Lecturers also come under pressure from political groups, often to help
failing students pass their exams.
Last June, a student with links to an Islamic party attacked a lecturer
at the College of Education because he refused to mark up his grades so
he could pass the class.
A witness said that lecturers and students watched the fight but no one
dared intervene, and the attacks only subsided when the professor got a
his pistol out of his car and fired warning shots into the air to scare
off his attacker and disperse the crowd.
Hakim al-Mayyahi, head of the security committee at Basras provincial
council, accused neighbouring states of being behind the attacks on
university teaching staff. He refused to say which country he had in
mind, but said "some of them are acting according to a very dangerous
plan".
Many lecturers are more worried about political actors closer to home.

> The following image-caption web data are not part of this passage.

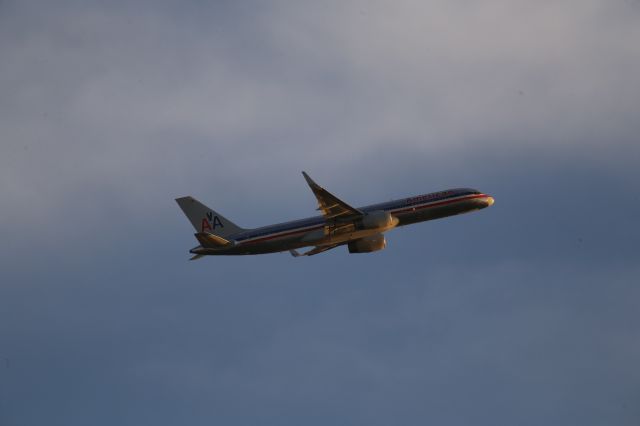 Boeing 757-200 (N192AN)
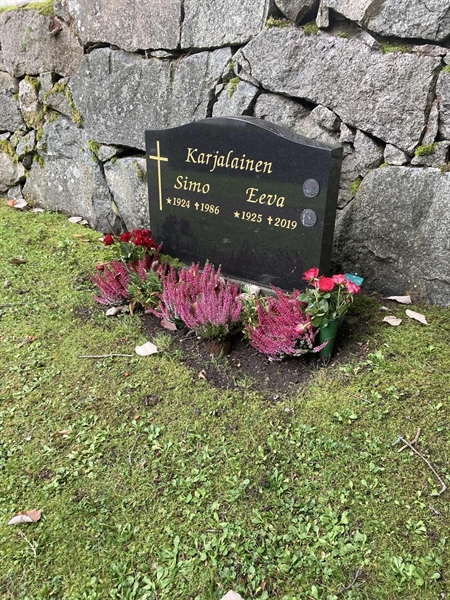 Grave number: 2 N 138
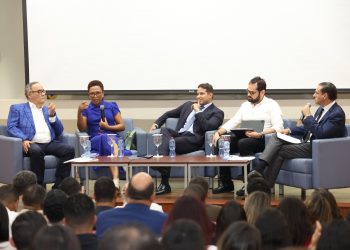 La ley indica que el director de la DNI (artículo 13) será asesor del presidente en materia de seguridad alimentaria, ambiental, de salud pública, energética, cibernética, económica y financiera. - Fuente externa.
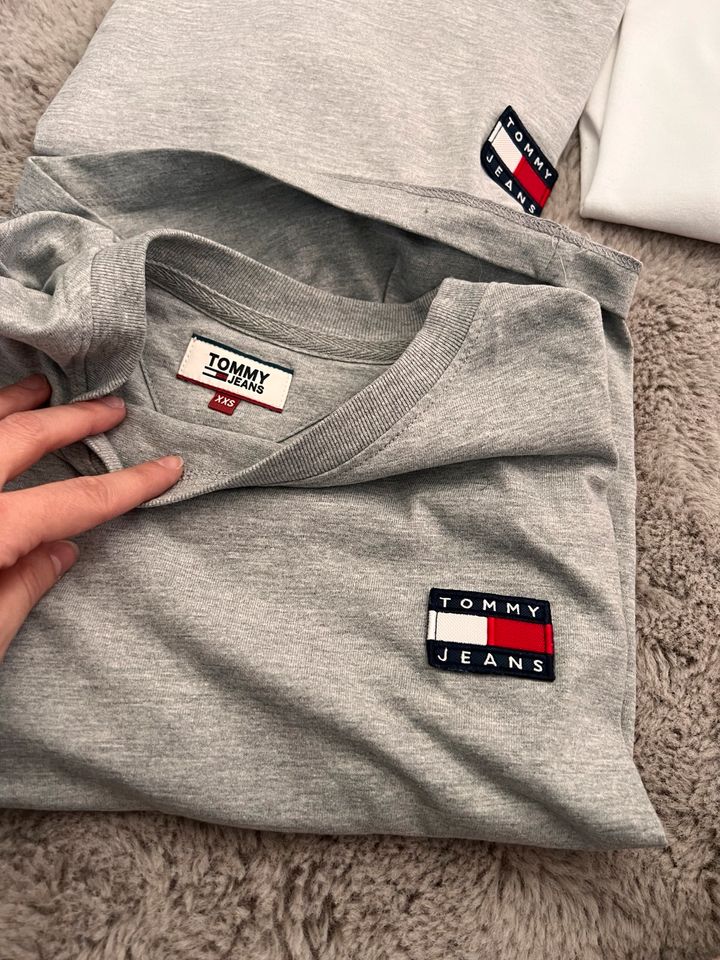 Tommy Jeans Badge T-Shirts in Haar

They complain that the local security forces have been infiltrated by
political parties, and say this makes them hesitant to report threats
and abuse.
Mayyahi confirmed there was "wrongdoing" within the security services,
but insisted, "this does not mean there is no trust".
He said that many of the problems had already been solved and that the
provincial council had asked both the security forces and political
parties not to intrude on the university campus.
Any incidents that had been reported were "individual acts by certain
party members", he said, rather than part of some wider campaign.
But Abu Mohammed al-Ibrahimi, who lectures at Basra University,
disagrees.
"Extremist Islamic parties in Basra control everything," he said. "They
impose their agenda on people through their militias who threaten and
kill people."
[Dhiya Mousa is an IWPR contributor in southern Iraq.]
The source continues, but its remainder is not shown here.